Day 4: Neall Lake to Tuolumne Canyon This segment certainly had it’s highs and lows. The first 5 miles was a pleasant hike that started with stretches of alpine meadows and white fir forests. We settled on a lunch spot that overlooked the Tuolumne Canyon. The next 5 files is a fairly steep dry decent. Much of it is sun exposed. Looking back at it, I should have carried more than 32oz of water. After the 2nd mile beyond Neall Lake there was no opportunity to refill our canisters until we reached the Tuolumne River. I was quite dehydrated once I got there.
Pate Valley is a wondrous valley. No doubt the Paiutes natives found it so as well. If we had stayed longer I might have searched for the pictographs that have been reported in this valley. But after that long decent, we took a quick dip in the Tuolumne before we headed up river.
If you are reading this, you know why you hike: For the beauty, the adventure, the fitness – but I’m sure for many of us – for the rejuvenation.
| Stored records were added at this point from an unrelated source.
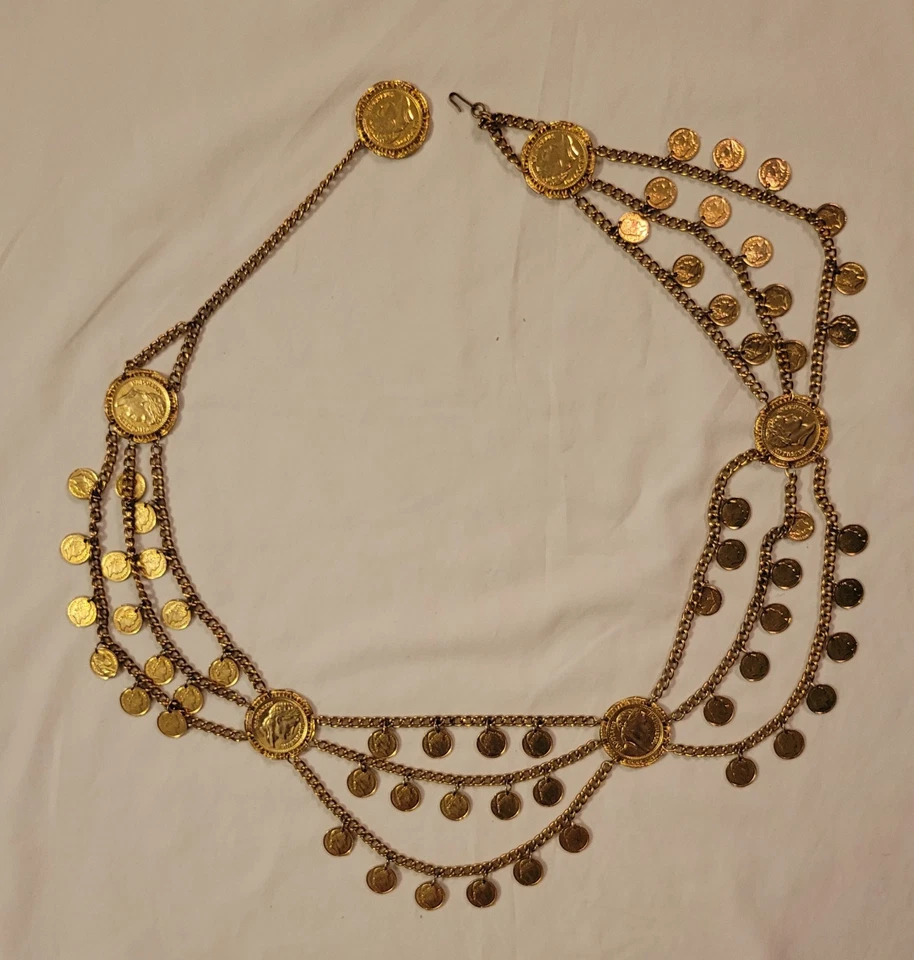 De Colección Napoleón León Moneda Declaración Cinturón Alta Costura Tono Dorado 36" Monedas Doble Cara Foto 1 de 4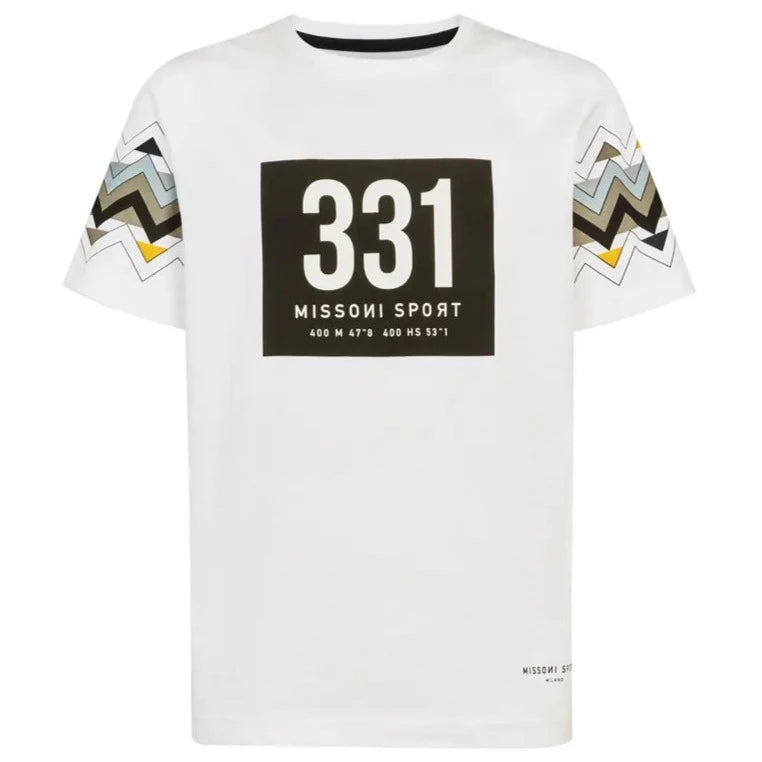 Missoni Sport White T-Shirt for Men - Comfortable Cotton Casual Tee for Gym, Running & Everyday Wear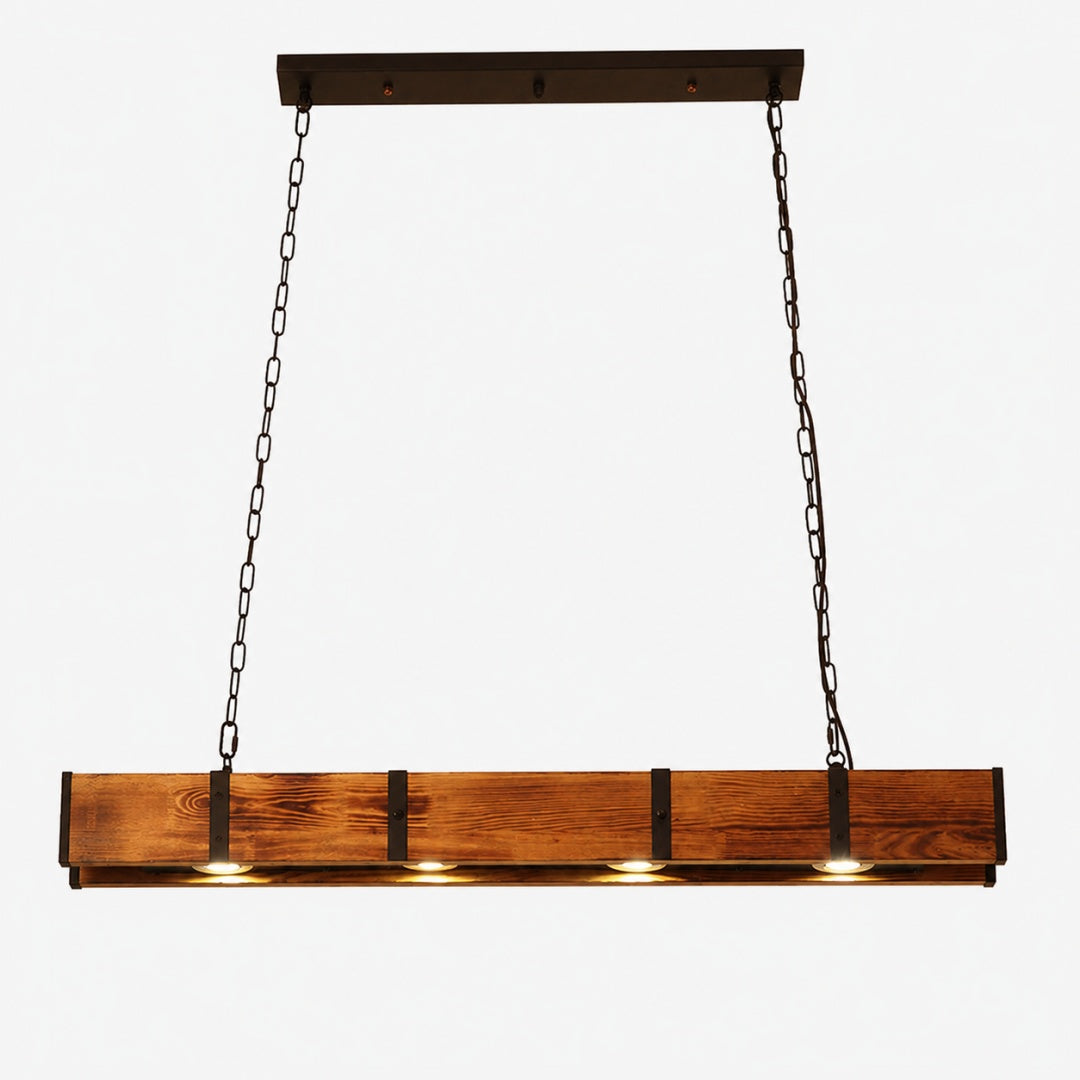 Rustic Wood Bar Pendant Light with Spotlights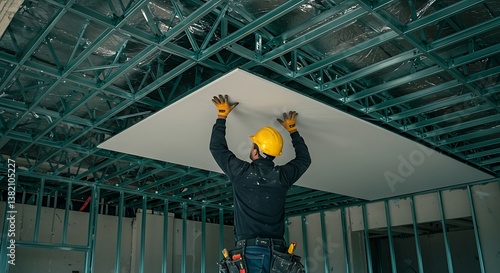 A construction worker hanging drywall on the ceiling, securing the panels into place with screws and ensuring the joints are perfectly aligned and smooth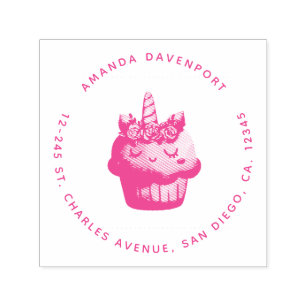 Cute Pink Cupcake Unicorn with Roses Self-inking Stamp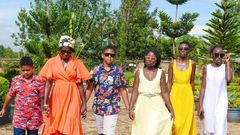 Akothee with her Kids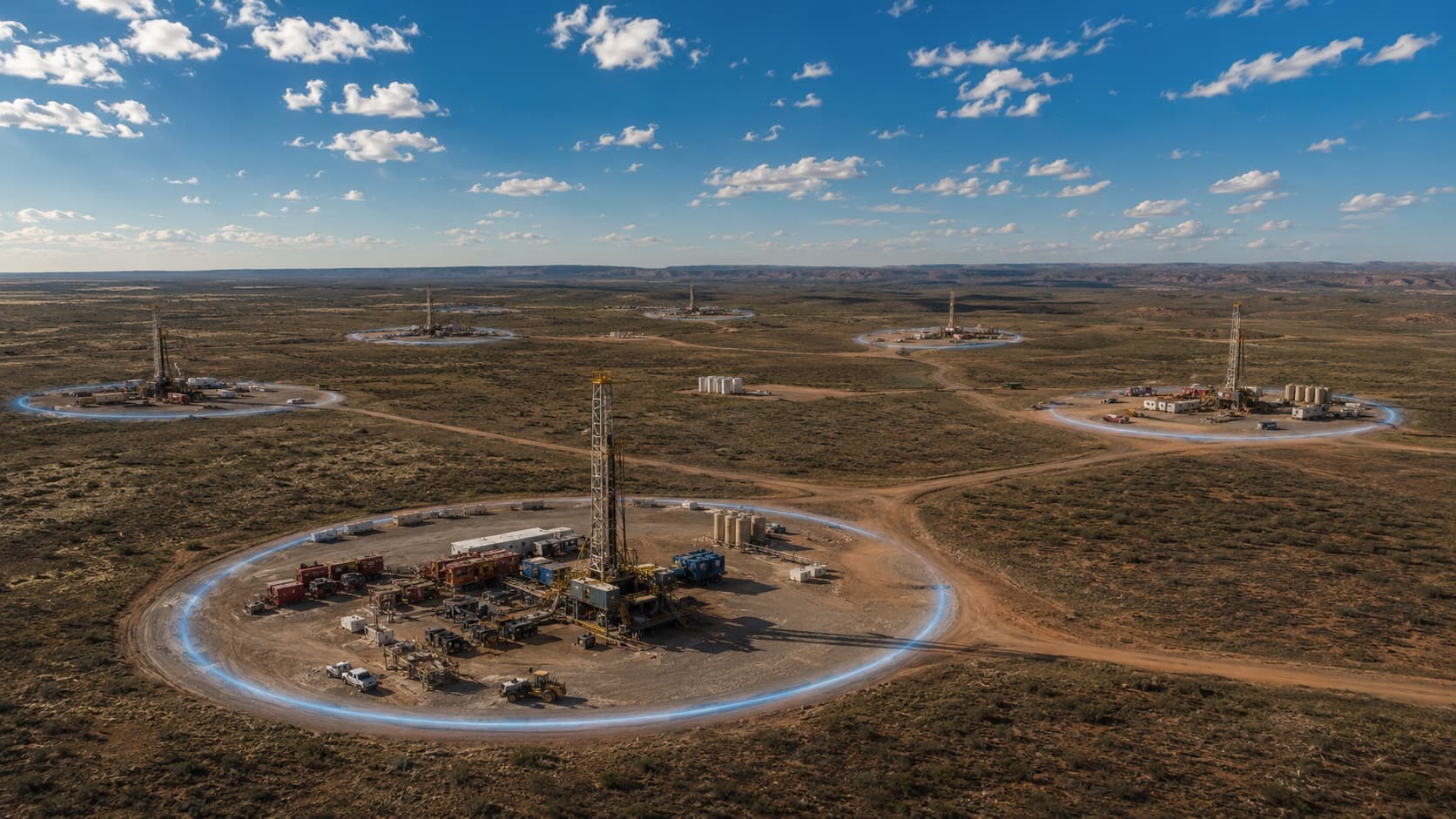 Aerial view of several energy-services well pads, each ringed by a geofence boundary, connected by lease roads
If there was a moment that captures all this – it would be us jumping into the Tuolumne River (late in the summer or fall when the levels are low and temperatures are a tad warmer. i.e. when it safe).
It was maybe a couple of miles upstream after we left the Pate Valley while still recovering from dehydration I said to myself, the first big water hole we hit I’m jumping in. We had just climbed over an exposed bluff and descended back to river and there was the spot. The swimming hole was massive, deep and calm. I’m not sure what more can I say – I felt like a kid. I thought about nothing except the pure joy of the moment. Yes the water was cool, but at that temperature, your whole body came alive. That short little over-pour (see the photo) … it was the fountain of youth.
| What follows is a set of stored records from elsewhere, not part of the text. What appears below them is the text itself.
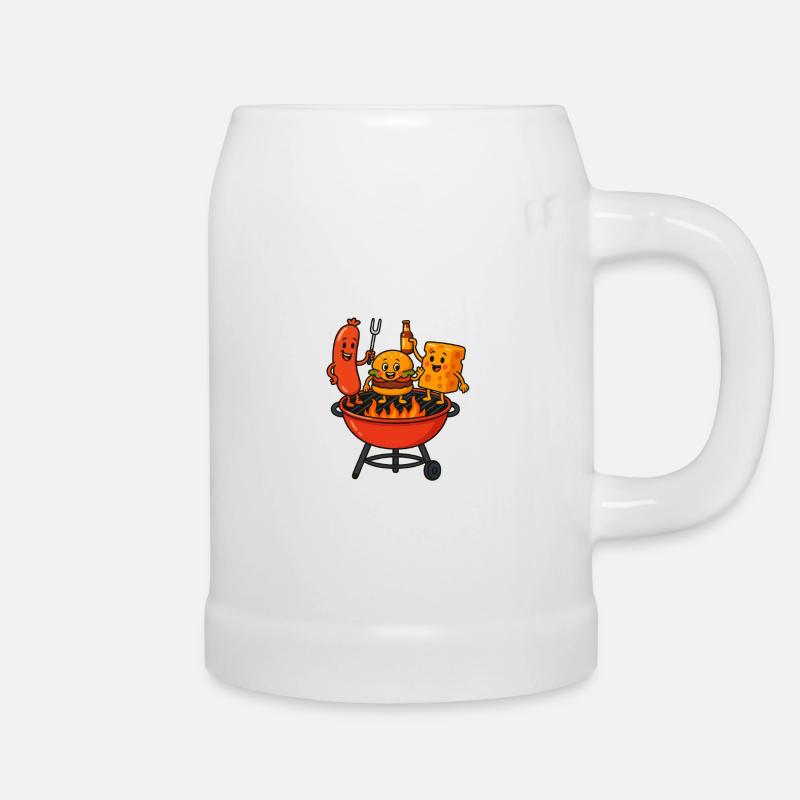 Grill Bratwurst Cheese Burger Fire Party Fork - Beer Mug - white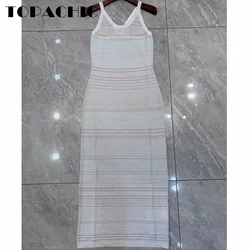 5.9 TOPACHIC Striped Bright Silk Knitted Long Dress Women Elegant Sexy V-Neck Suspender Package Hip Slim Dress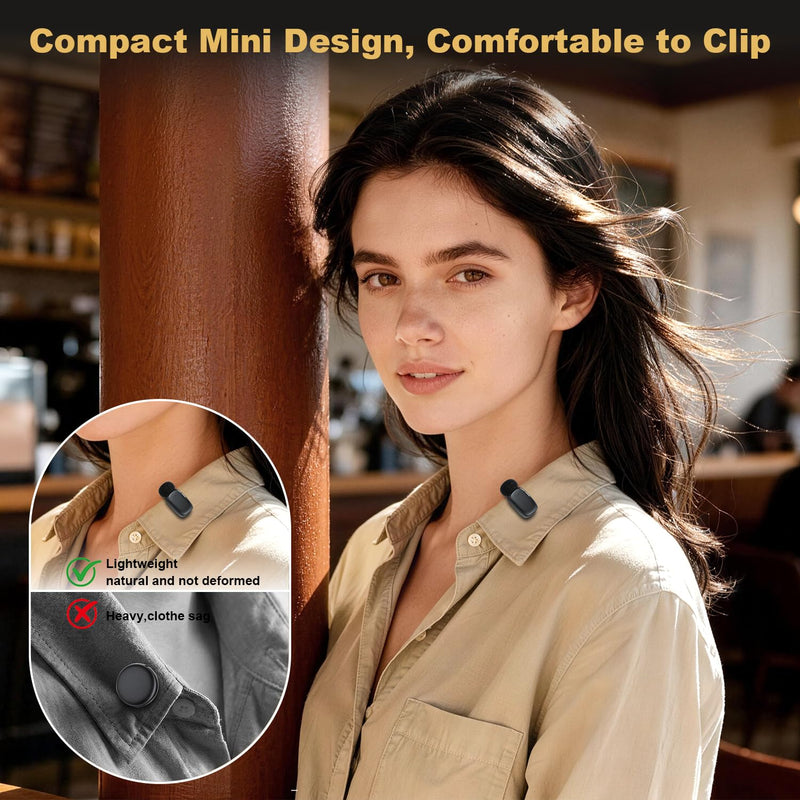 [AUSTRALIA] - Wireless Lavalier Mini Microphone for iPhone ipad Android, 30H Long Battery Life, 100FT Wireless Range, Noise Cancellation, Plug & Play for Vlogging, Video Recording, Podcast, YouTube, TikTok J01 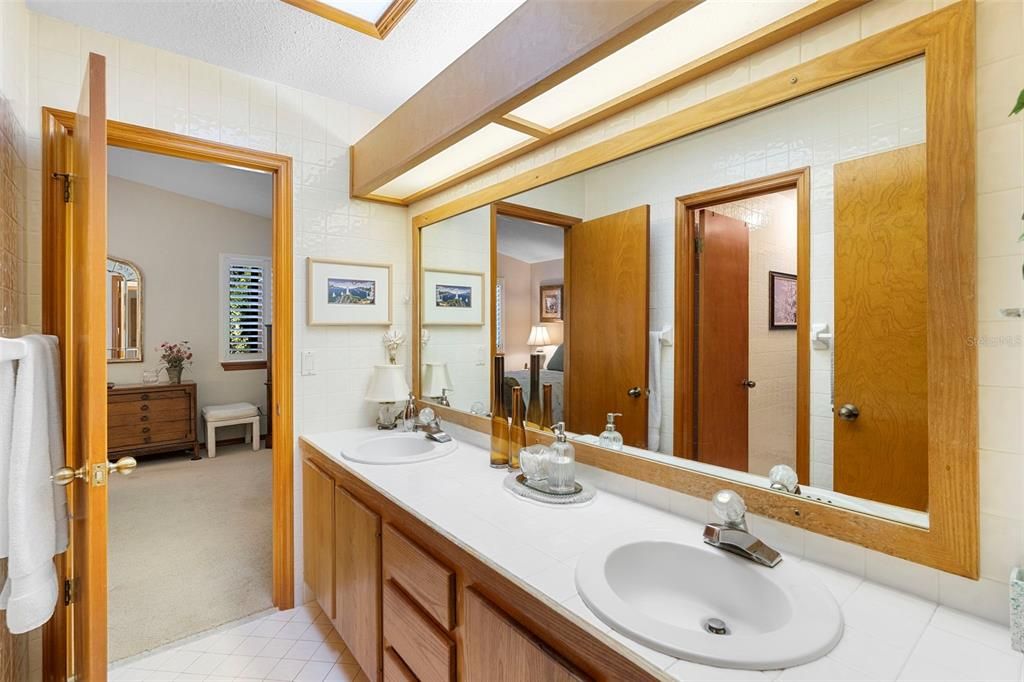 Bathroom, Dual Sink Vanities, Interior, Tile Countertops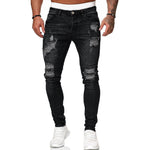Men’s Street Style Ripped Skinny Jeans – Vintage Wash Slim Fit Pencil Denim Pants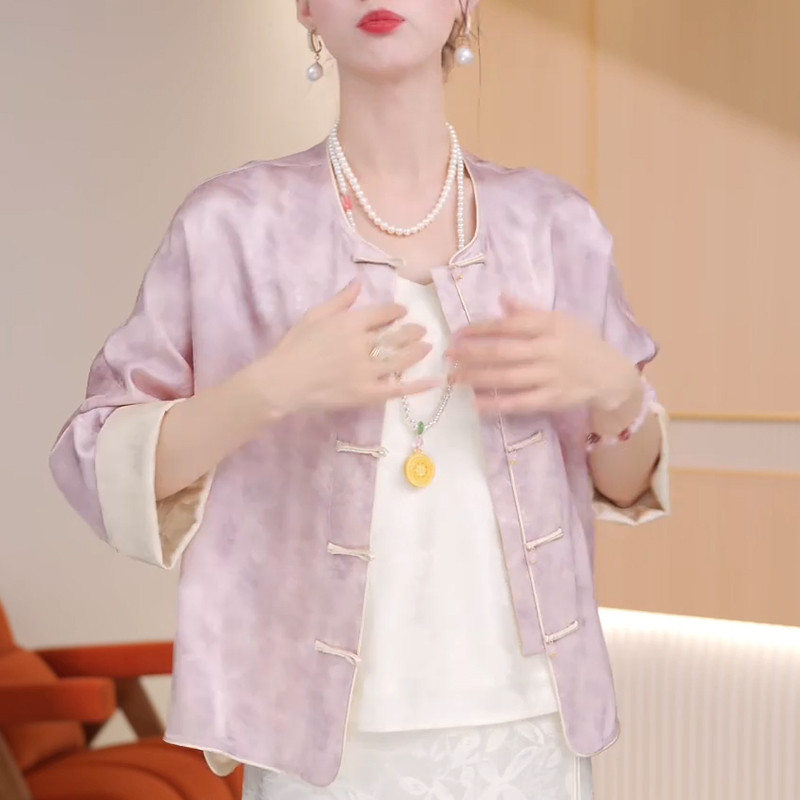 好货新中式外套女春季真丝桑蚕丝外搭开衫复古盘扣唐装中国风女装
From there we hiked perhaps another mile or so until he hit another fabulous watering hole to settle in for the evening.
Day 5: Along the Grand Canyon of the Tuolumne As you are reading through this account you may be asking what more could this hike offer. In fact, I’m sure if we were hiking earlier in the season, this segment would have offered a grand finale to our hike. But hiking in September has it trade-offs. Yesterday we had the memorable swims. Today the Tuolumne canyon offered a tranquility but a thought kept crossing my mind that I had to return earlier in the season (White Wolf to Tuolumne Meadows) to experience the ferocity that this canyon surely offers.
One spot I want to come back to experience is the Muir Gorge. It is at the confluence of Register Creek. In fact, just off the trail was potentially a 25ft waterfall that was completely dry in this September time frame. Looking down on the Tuolumne, we could see a narrow channel that must offer a spectacular setting at the right time of year.
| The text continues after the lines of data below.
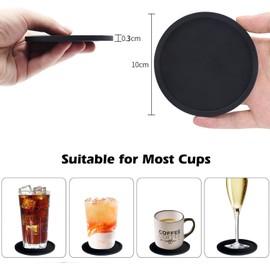 Silicone Coaster Set of 12 Pieces with Iron Bracket,Drinking Coasters, Cup Mat for Drinks,Live for Hot or Cold Drink Thickened, Non-Slip, Non-Stick, Deep Tray (Black)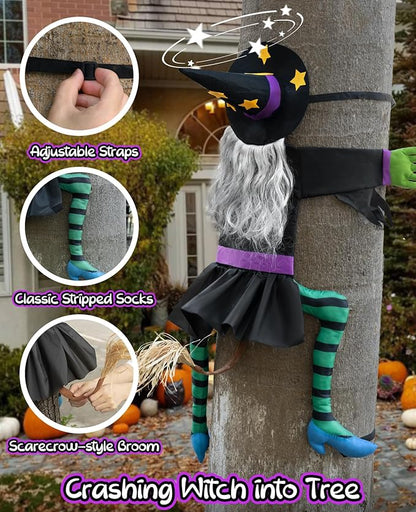 Crashing Witch for Halloween Decorations Outdoor: Hilarious Witch Decor with Adjustable Band for Tree Porch Door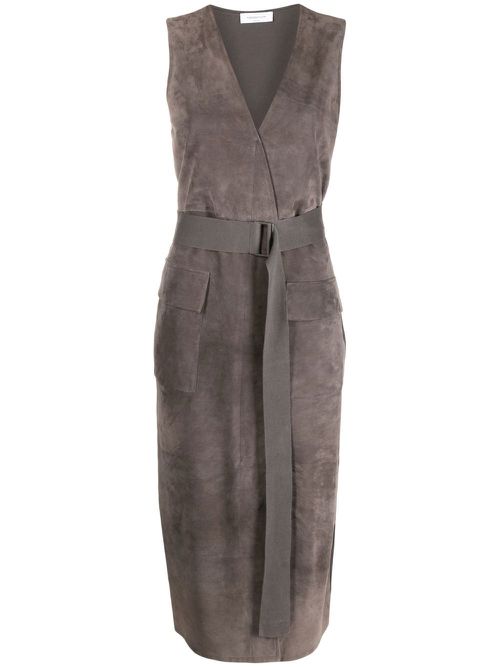 Sleeveless leather dress - Grey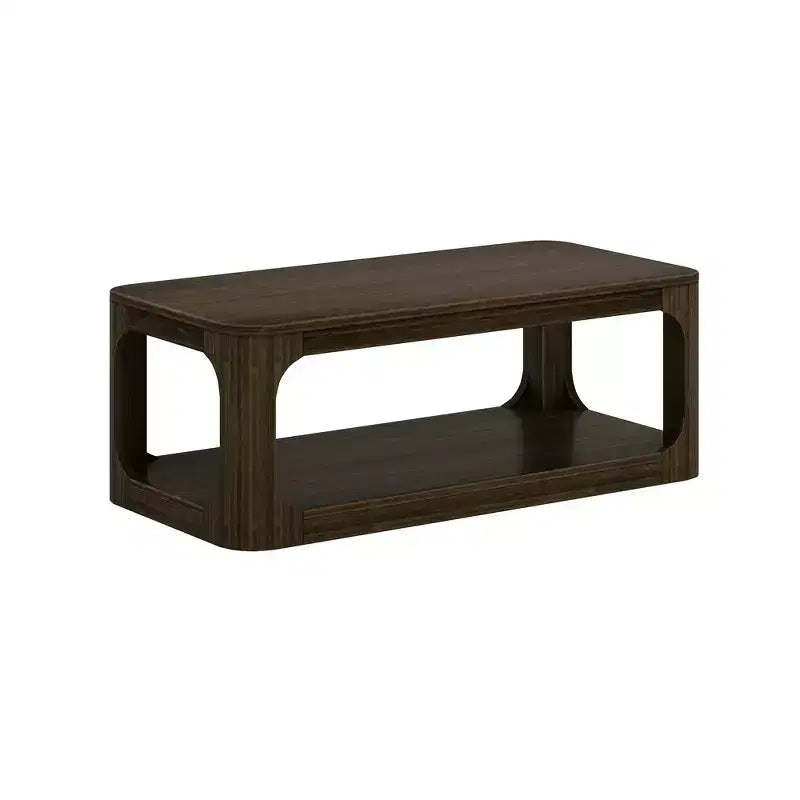 Plank+Beam Solid Wood 48 Modern Rectangular Coffee Table with Storage Shelf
In any case, it was a wonderful hike beneath the 2500ft walls of granite. We traversed up Tuolumne through groves of manzanita, sequoia and an assortment of wildflowers. Towards the end of the day we started our climb from the valley floor up the cascades of waterfalls. There’s actually more waterfalls than formally named. However in the first 3.5 miles and 1400ft of climbing, you’ll pass Waterwheel, LeConte and California Falls. We camped just above California Falls.
Day 6: California Falls to Tuolumne Meadows It was just about 7 miles from our campsite to the trail exit. Those 7 miles included the beautiful views overlooking Glen Aulin, the White Cascade and Tuolumne waterfalls and many spectacular settings along the Tuolumne River. On our sixth day, there was a natural urge to get back, as we had logistical constraints of returning to the Bay Area that day. However, this segment is spectacular and deserves it’s own time to enjoy.
After our hike, I was more convinced that the JMT should have carried on to Twin Lakes instead turning into Yosemite Valley. This trail offered experiences that few places could match. I highly recommend it.